As libraries are caught in the eye of the austerity storm, communities step in to save them. But are volunteer-based libraries sustainable?
Mike Thomas wears a tired smile. He is a tall man, of big build, in his forties. He sits down and smiles tiredly, like an athlete at the end of a race or a warrior after the battle has ended.
Mike is the chair of Rumney Forum, a resident organisation that strives to make Rumney a better place to live. When Cardiff Council revealed plans to shut down Rumney Library in September 2014, he and other residents joined in Community Action for Rumney Library (CARL) to fight against the decision. They organised graffiti expositions, large demonstrations, children’s activities, but to no avail – the Council had to overcome a deficit in funding and would not hear it.

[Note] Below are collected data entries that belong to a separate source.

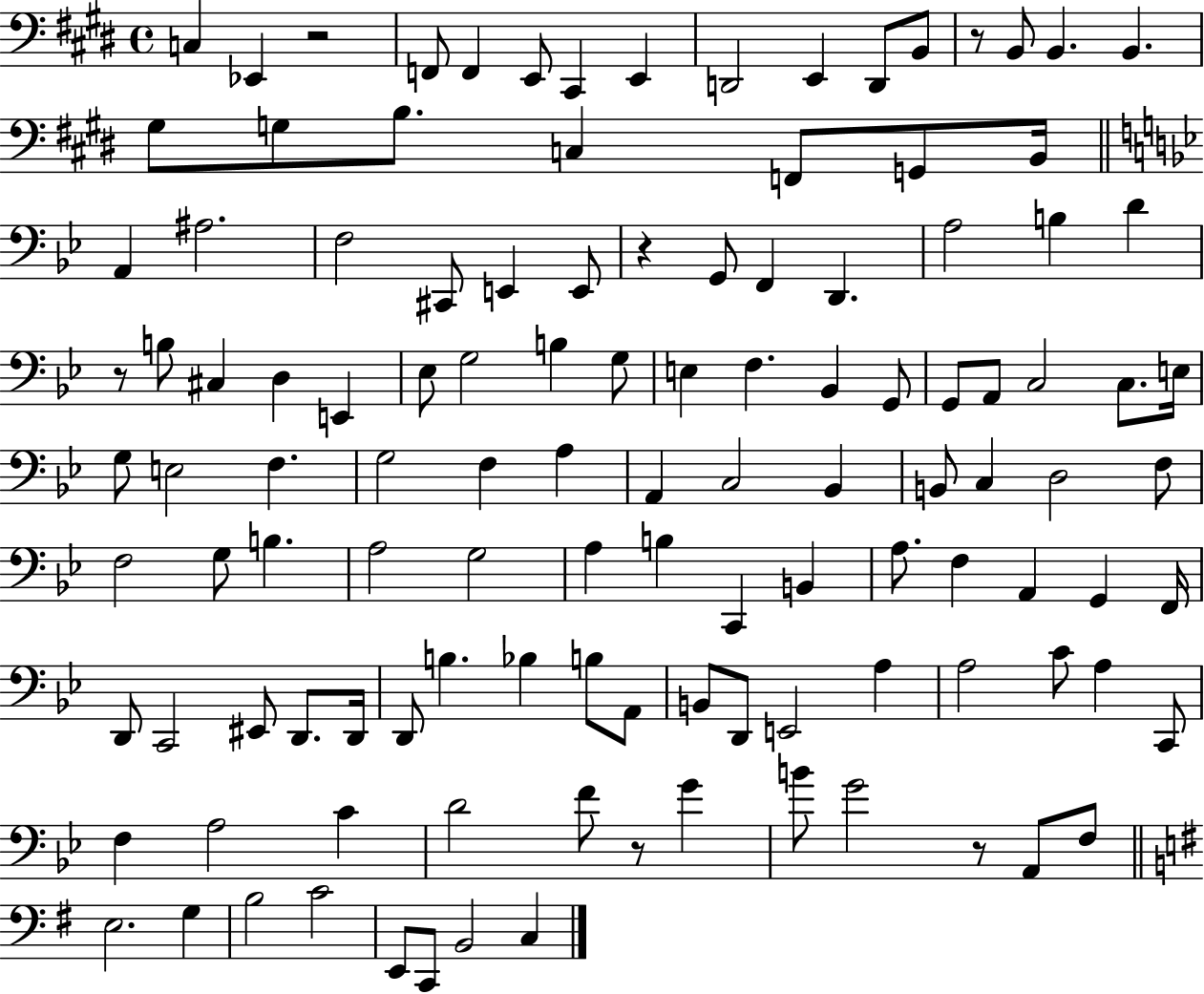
{
  \clef bass
  \time 4/4
  \defaultTimeSignature
  \key e \major
  c4 ees,4 r2 | f,8 f,4 e,8 cis,4 e,4 | d,2 e,4 d,8 b,8 | r8 b,8 b,4. b,4. | \break gis8 g8 b8. c4 f,8 g,8 b,16 | \bar "||" \break \key g \minor a,4 ais2. | f2 cis,8 e,4 e,8 | r4 g,8 f,4 d,4. | a2 b4 d'4 | \break r8 b8 cis4 d4 e,4 | ees8 g2 b4 g8 | e4 f4. bes,4 g,8 | g,8 a,8 c2 c8. e16 | \break g8 e2 f4. | g2 f4 a4 | a,4 c2 bes,4 | b,8 c4 d2 f8 | \break f2 g8 b4. | a2 g2 | a4 b4 c,4 b,4 | a8. f4 a,4 g,4 f,16 | \break d,8 c,2 eis,8 d,8. d,16 | d,8 b4. bes4 b8 a,8 | b,8 d,8 e,2 a4 | a2 c'8 a4 c,8 | \break f4 a2 c'4 | d'2 f'8 r8 g'4 | b'8 g'2 r8 a,8 f8 | \bar "||" \break \key e \minor e2. g4 | b2 c'2 | e,8 c,8 b,2 c4 | \bar "|."
}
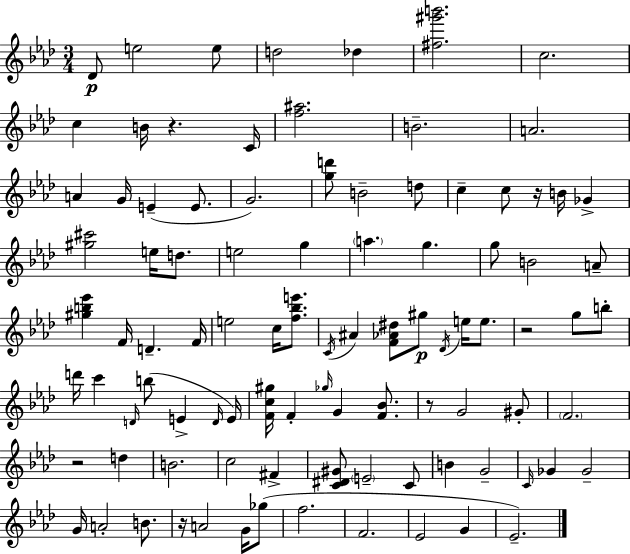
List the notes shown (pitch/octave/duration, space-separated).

Db4/e E5/h E5/e D5/h Db5/q [F#5,G#6,B6]/h. C5/h. C5/q B4/s R/q. C4/s [F5,A#5]/h. B4/h. A4/h. A4/q G4/s E4/q E4/e. G4/h. [G5,D6]/e B4/h D5/e C5/q C5/e R/s B4/s Gb4/q [G#5,C#6]/h E5/s D5/e. E5/h G5/q A5/q. G5/q. G5/e B4/h A4/e [G#5,B5,Eb6]/q F4/s D4/q. F4/s E5/h C5/s [F5,Bb5,E6]/e. C4/s A#4/q [F4,Ab4,D#5]/e G#5/e Db4/s E5/s E5/e. R/h G5/e B5/e D6/s C6/q D4/s B5/e E4/q D4/s E4/s [F4,C5,G#5]/s F4/q Gb5/s G4/q [F4,Bb4]/e. R/e G4/h G#4/e F4/h. R/h D5/q B4/h. C5/h F#4/q [C4,D#4,G#4]/e E4/h C4/e B4/q G4/h C4/s Gb4/q Gb4/h G4/s A4/h B4/e. R/s A4/h G4/s Gb5/e F5/h. F4/h. Eb4/h G4/q Eb4/h.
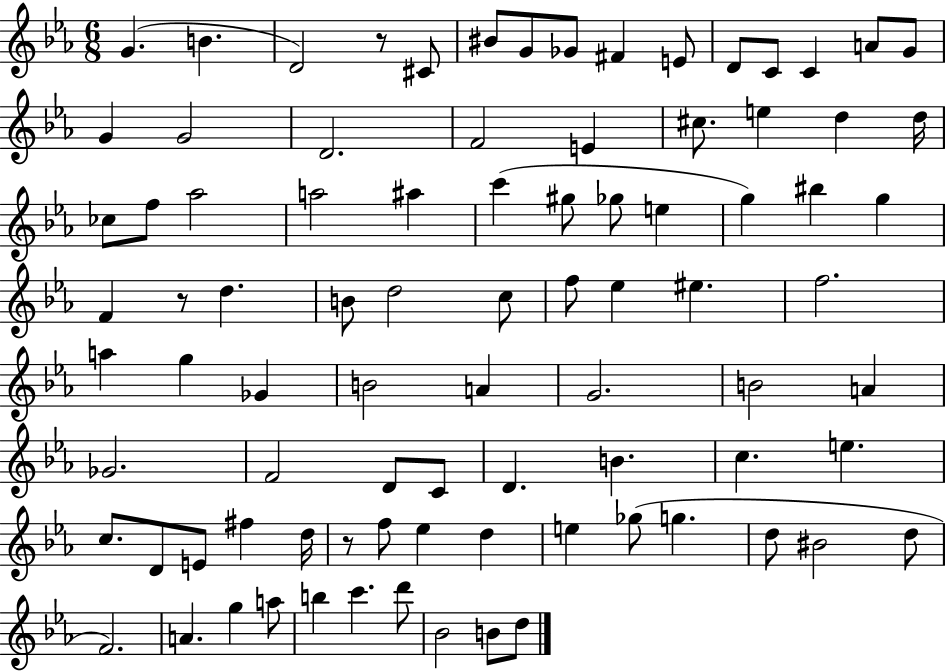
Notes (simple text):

G4/q. B4/q. D4/h R/e C#4/e BIS4/e G4/e Gb4/e F#4/q E4/e D4/e C4/e C4/q A4/e G4/e G4/q G4/h D4/h. F4/h E4/q C#5/e. E5/q D5/q D5/s CES5/e F5/e Ab5/h A5/h A#5/q C6/q G#5/e Gb5/e E5/q G5/q BIS5/q G5/q F4/q R/e D5/q. B4/e D5/h C5/e F5/e Eb5/q EIS5/q. F5/h. A5/q G5/q Gb4/q B4/h A4/q G4/h. B4/h A4/q Gb4/h. F4/h D4/e C4/e D4/q. B4/q. C5/q. E5/q. C5/e. D4/e E4/e F#5/q D5/s R/e F5/e Eb5/q D5/q E5/q Gb5/e G5/q. D5/e BIS4/h D5/e F4/h. A4/q. G5/q A5/e B5/q C6/q. D6/e Bb4/h B4/e D5/e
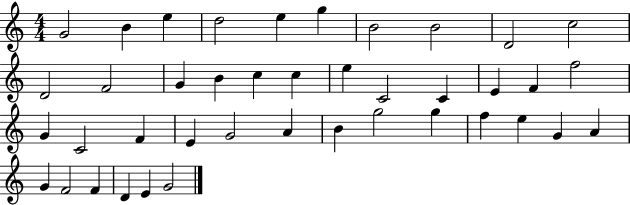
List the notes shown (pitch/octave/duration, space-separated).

G4/h B4/q E5/q D5/h E5/q G5/q B4/h B4/h D4/h C5/h D4/h F4/h G4/q B4/q C5/q C5/q E5/q C4/h C4/q E4/q F4/q F5/h G4/q C4/h F4/q E4/q G4/h A4/q B4/q G5/h G5/q F5/q E5/q G4/q A4/q G4/q F4/h F4/q D4/q E4/q G4/h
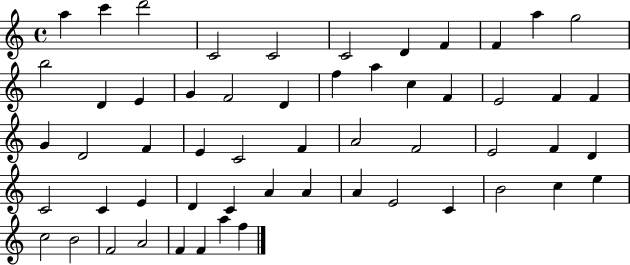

Then the breakthrough: in March Cardiff Council proposed that the library should move to a new building and be run by volunteers. The old staff left on 29 September and the new Rumney Community Partnership Hub opened in its new location in Llanstephan Road at the end of November.
“It is disappointing to hear people say the campaign for the library wasn’t successful,” Mike says. “We fought passionately, and it’s hard to hear that we failed or are in cahoots with the council,” he smiles.
Yet many people believe that the battle for Rumney Library has been lost.
“Community-based libraries hinge in the balance of the difference between saving a library and managing its death”
(Peter Finch, writer and historian)
A matter of cats
What happened to Rumney Library has something to do with CATs – that is, something to do with Community Asset Transfers.
CATs are tools to save public money. Instead of shutting services down altogether, councils hand them over to community volunteers. They often move libraries into the same building with other services and sell the old library’s building to make profit. Volunteers can keep running the service if they can, but public funding stops.
In Rumney, the council followed a similar logic: they moved the library with other services to Llanstephan Road, and sold the old building to a local resident. Rumney Partnership Hub manager Rebecca Hunt says it’s still very early stages and it’s still unclear how the hub will work, and how many volunteers it will need.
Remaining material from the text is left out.